* _Task to complete_: The whole listing should be retyped word for word, apart from the pictures it holds.

[Stored data]

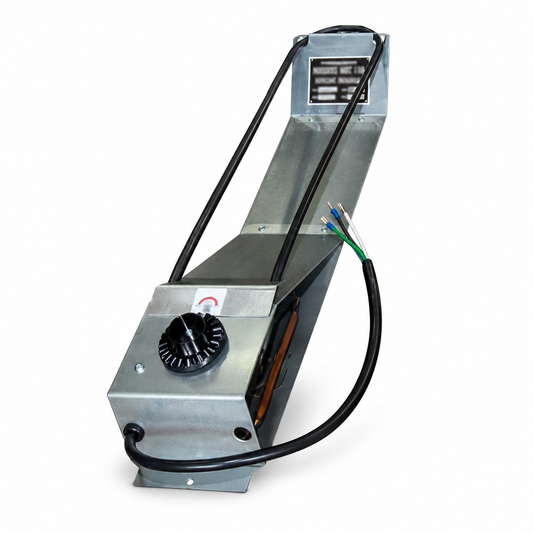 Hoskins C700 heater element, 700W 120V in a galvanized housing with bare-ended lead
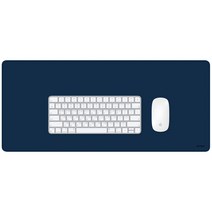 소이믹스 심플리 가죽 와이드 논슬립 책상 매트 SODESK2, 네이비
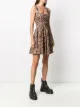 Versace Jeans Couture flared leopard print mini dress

[/Stored data]

* _Answer to the exercise_:
 Hoskins C700 heater element, 700W 120V in a galvanized housing with bare-ended lead
 소이믹스 심플리 가죽 와이드 논슬립 책상 매트 SODESK2, 네이비
 Versace Jeans Couture flared leopard print mini dress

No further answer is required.